(Image-text web data)
----------

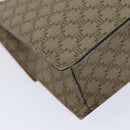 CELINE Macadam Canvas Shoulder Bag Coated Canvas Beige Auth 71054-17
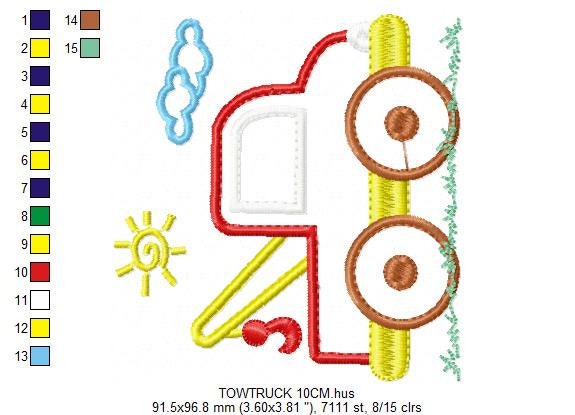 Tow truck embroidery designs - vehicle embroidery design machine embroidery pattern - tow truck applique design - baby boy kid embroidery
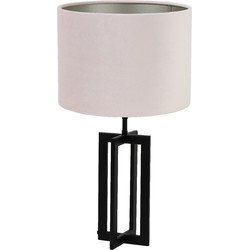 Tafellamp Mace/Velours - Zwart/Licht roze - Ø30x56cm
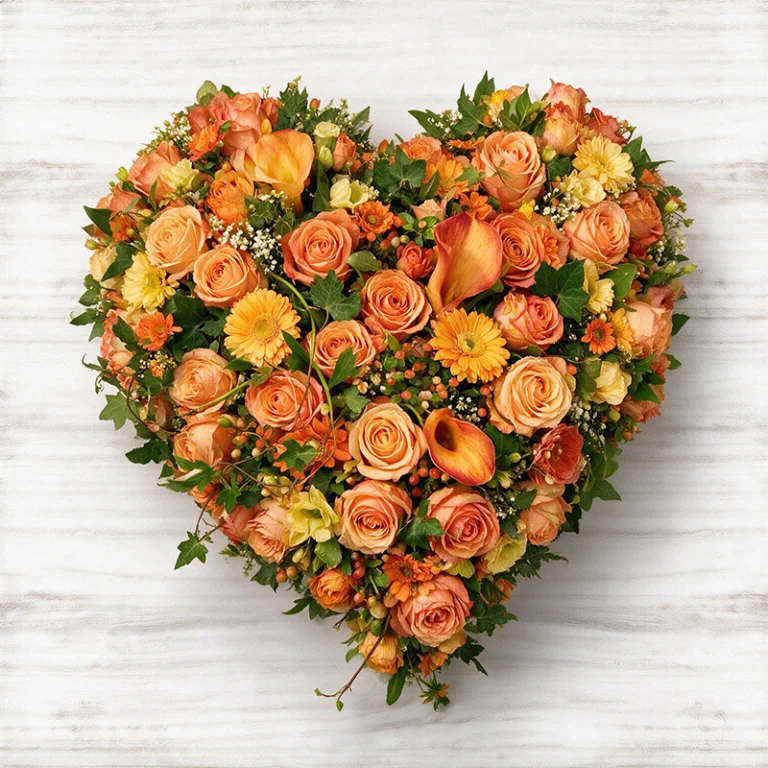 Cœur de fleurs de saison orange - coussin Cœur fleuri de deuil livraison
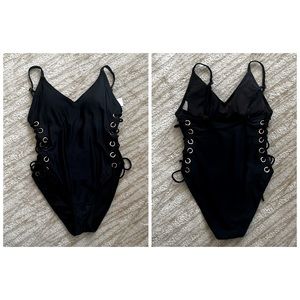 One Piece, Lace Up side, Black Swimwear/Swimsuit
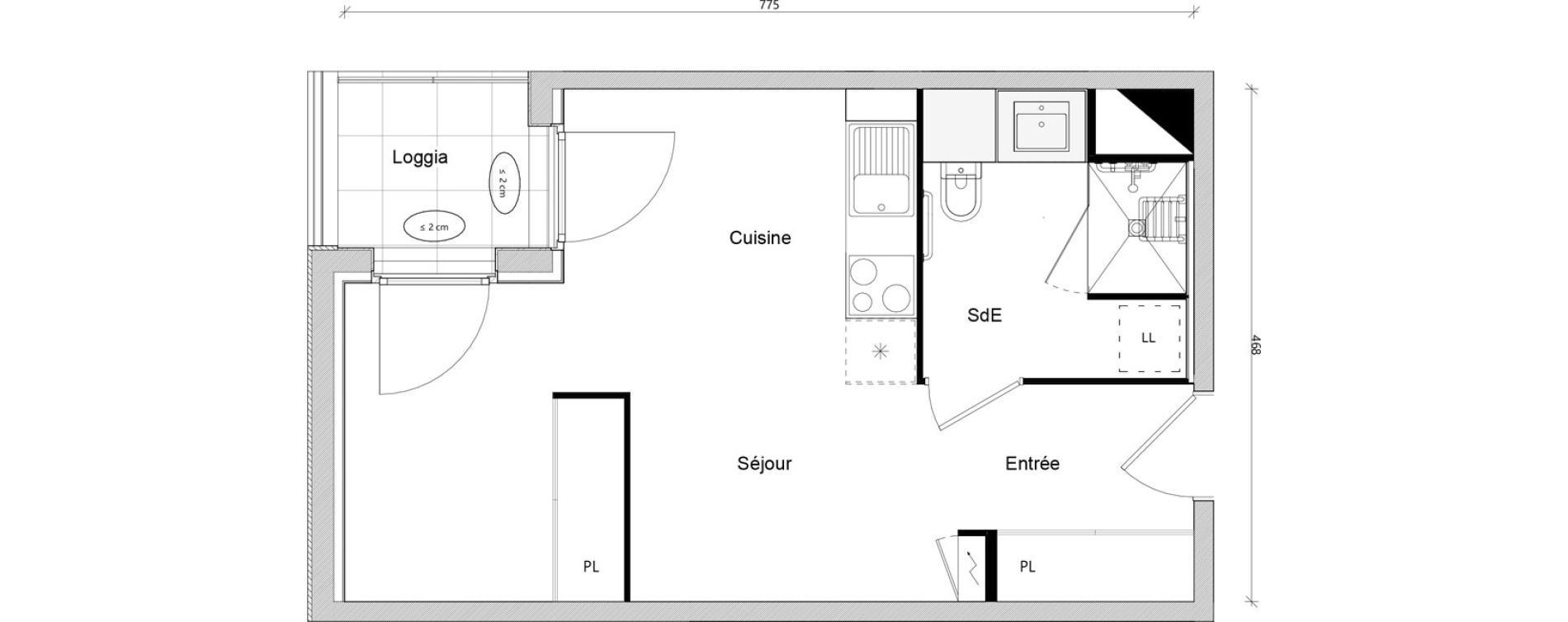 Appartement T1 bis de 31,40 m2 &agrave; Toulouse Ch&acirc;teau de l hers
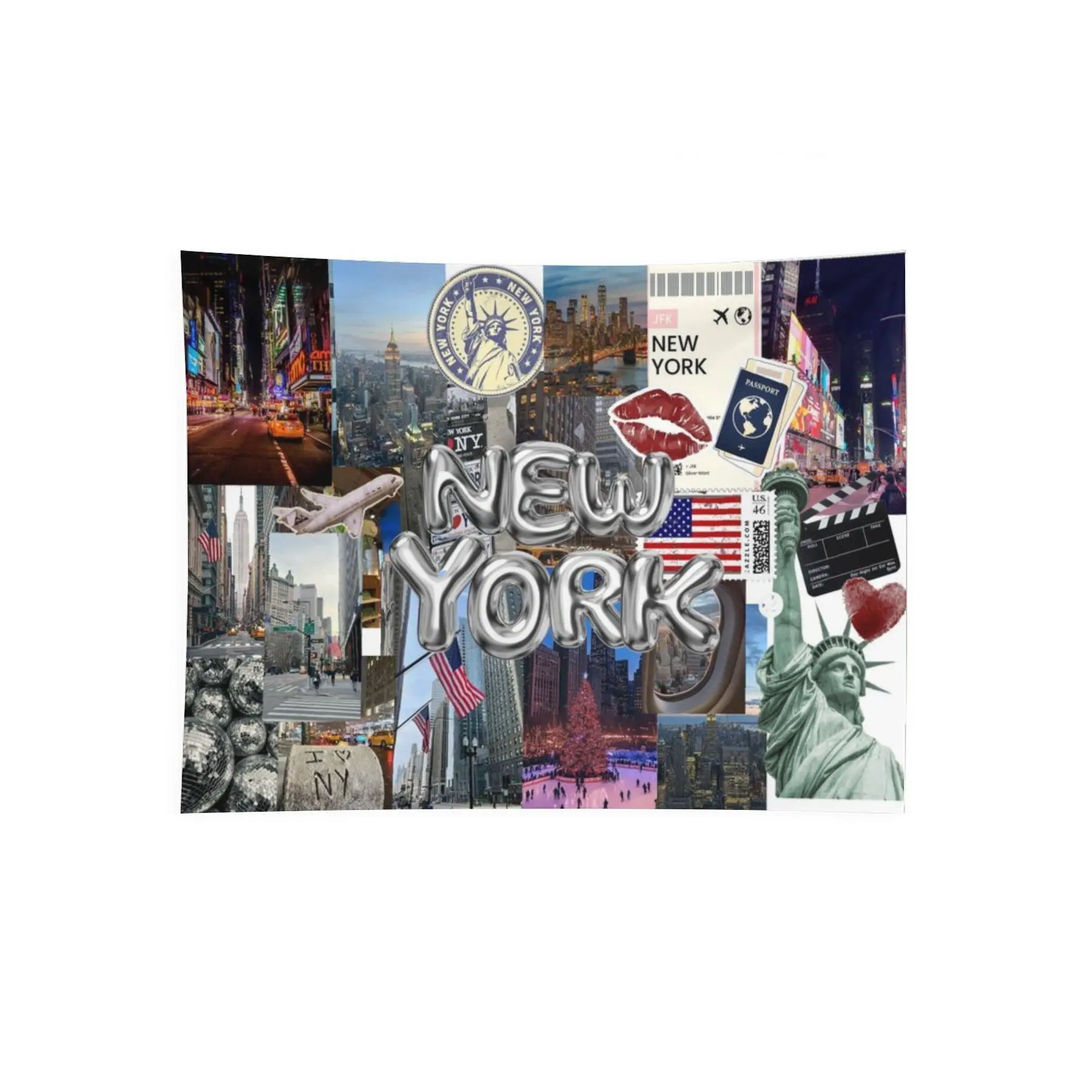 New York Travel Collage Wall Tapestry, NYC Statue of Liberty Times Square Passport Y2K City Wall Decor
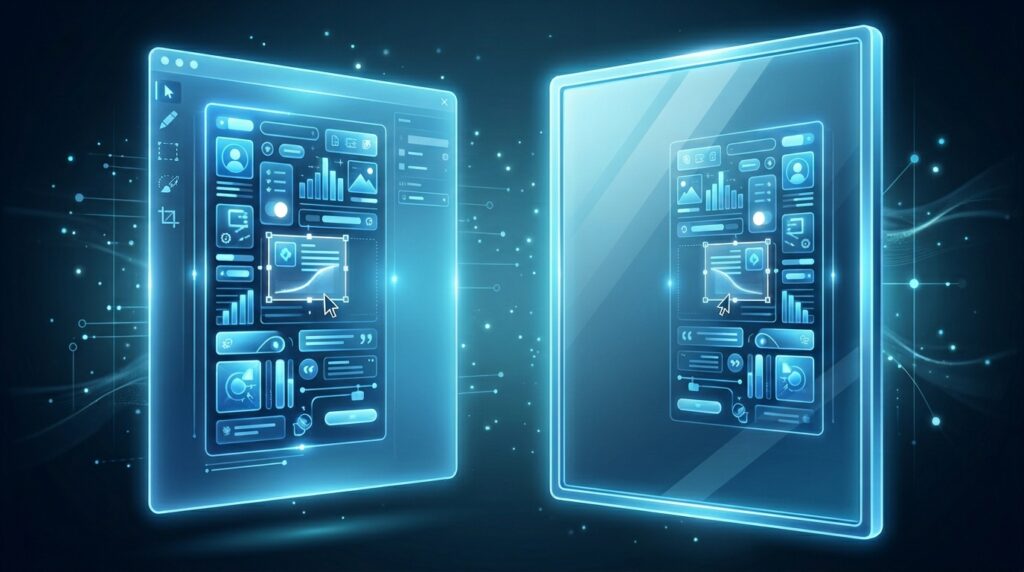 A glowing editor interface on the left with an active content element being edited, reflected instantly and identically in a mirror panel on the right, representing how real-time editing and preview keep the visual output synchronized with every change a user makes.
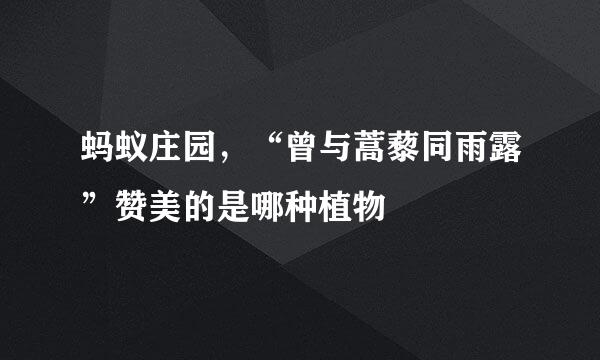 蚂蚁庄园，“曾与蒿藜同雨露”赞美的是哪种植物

----------

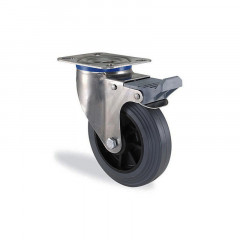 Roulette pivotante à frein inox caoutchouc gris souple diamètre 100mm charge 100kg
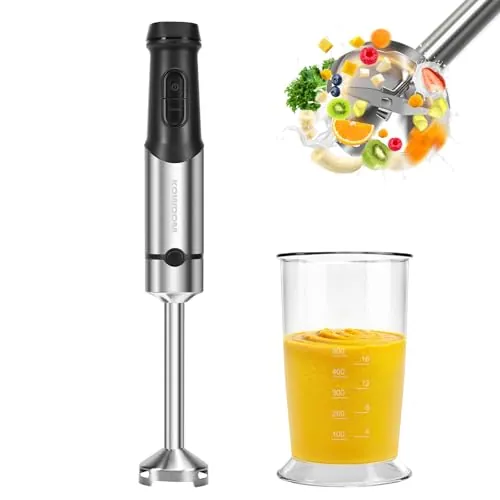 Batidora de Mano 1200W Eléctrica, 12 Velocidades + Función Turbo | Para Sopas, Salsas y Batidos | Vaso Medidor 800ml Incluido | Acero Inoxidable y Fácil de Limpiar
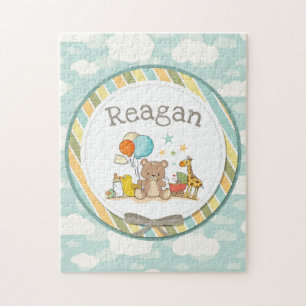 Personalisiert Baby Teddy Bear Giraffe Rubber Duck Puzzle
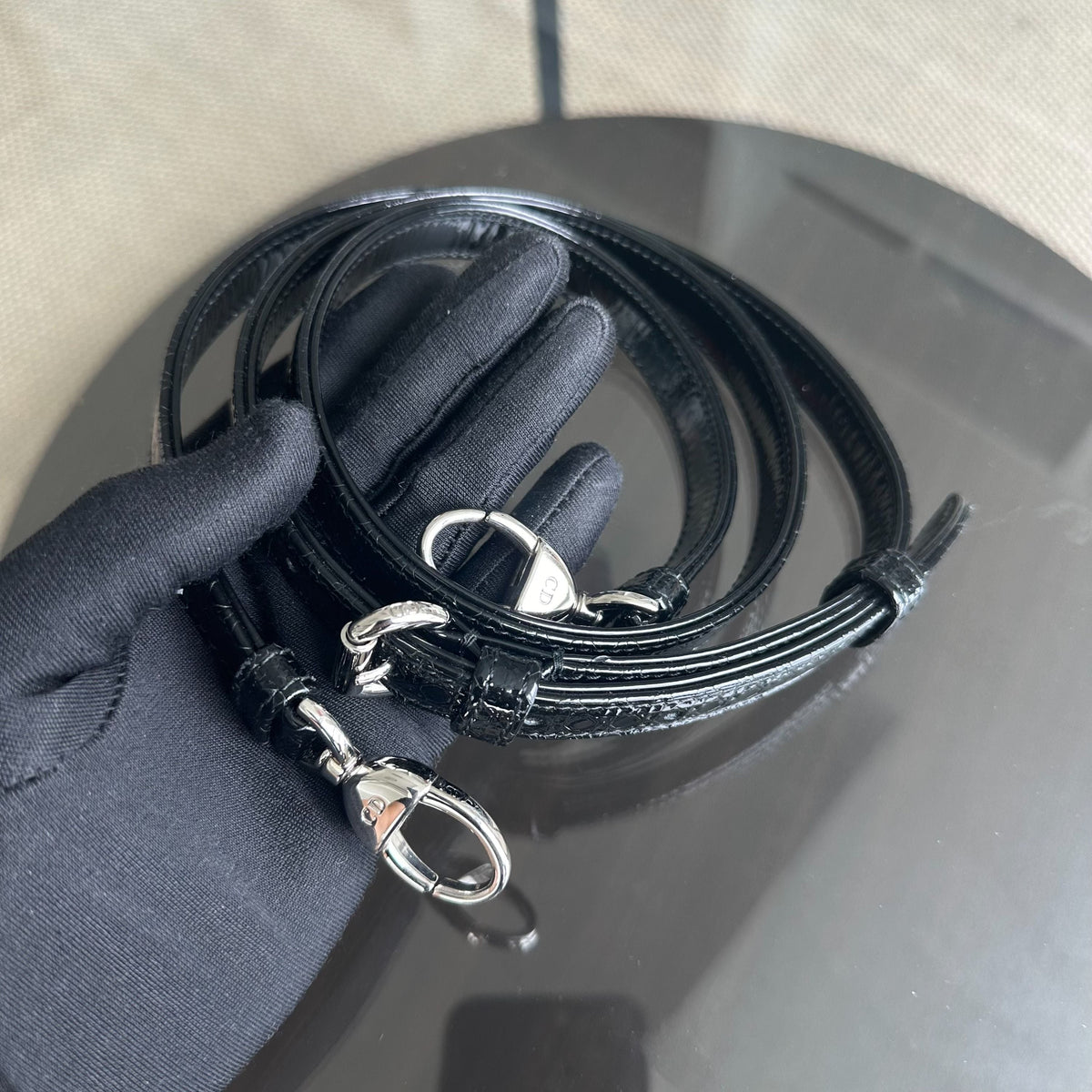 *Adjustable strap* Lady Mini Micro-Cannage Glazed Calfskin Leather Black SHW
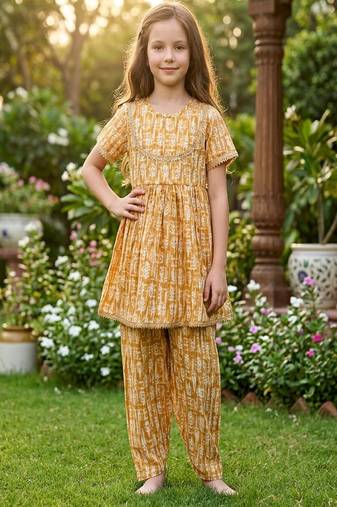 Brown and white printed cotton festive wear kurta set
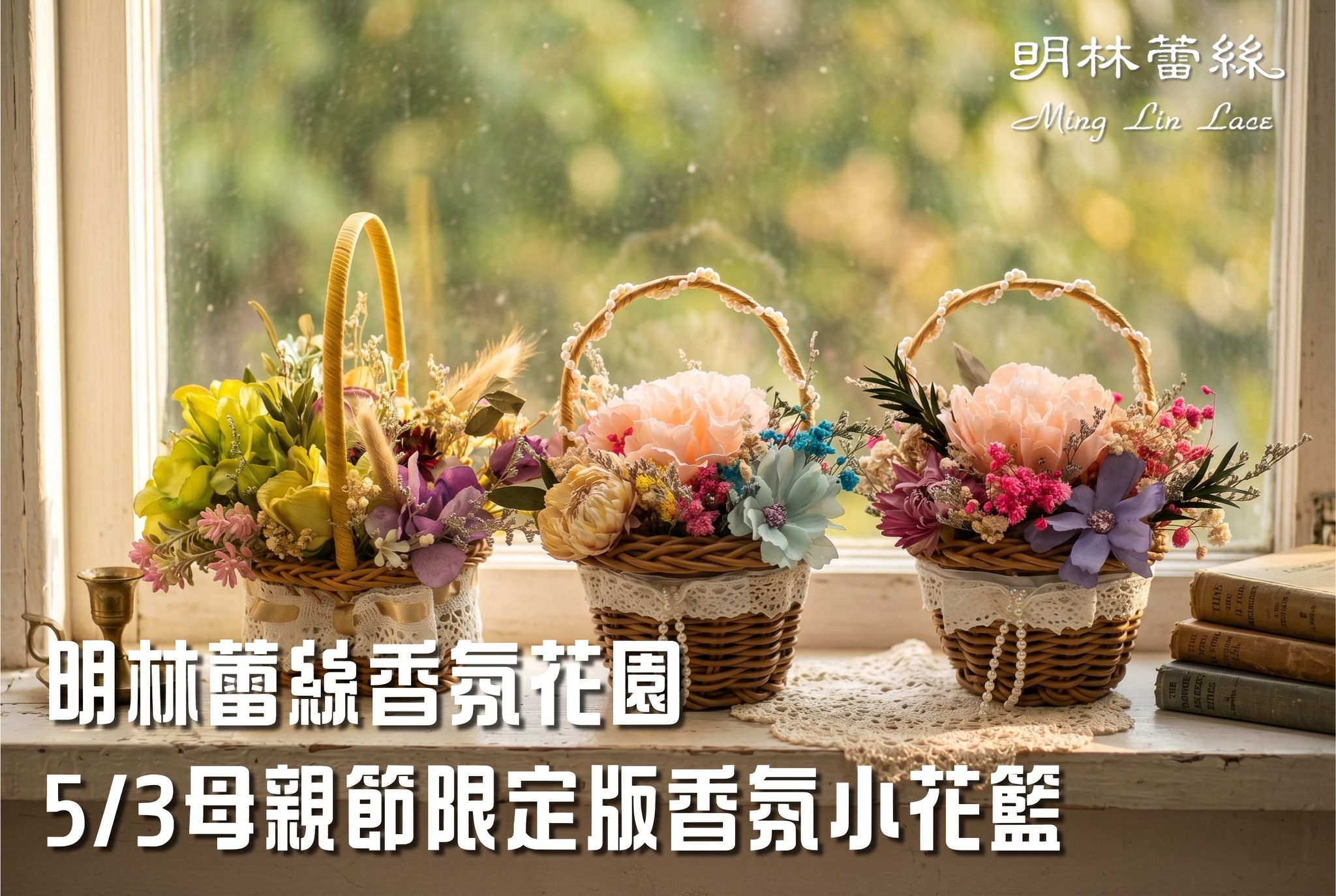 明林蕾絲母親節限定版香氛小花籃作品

----------

(EXERCISE) When you reach the line that has "Tafellamp Mace/Velours - Zwart/Licht" in the data above, start repeating lines exactly, and stop after the line that has "Appartement T1 bis"; pictures stay out.

(RESPONSE TO THE TASK)
 Tafellamp Mace/Velours - Zwart/Licht roze - Ø30x56cm
 Cœur de fleurs de saison orange - coussin Cœur fleuri de deuil livraison
 One Piece, Lace Up side, Black Swimwear/Swimsuit
 Appartement T1 bis de 31,40 m2 &agrave; Toulouse Ch&acirc;teau de l hers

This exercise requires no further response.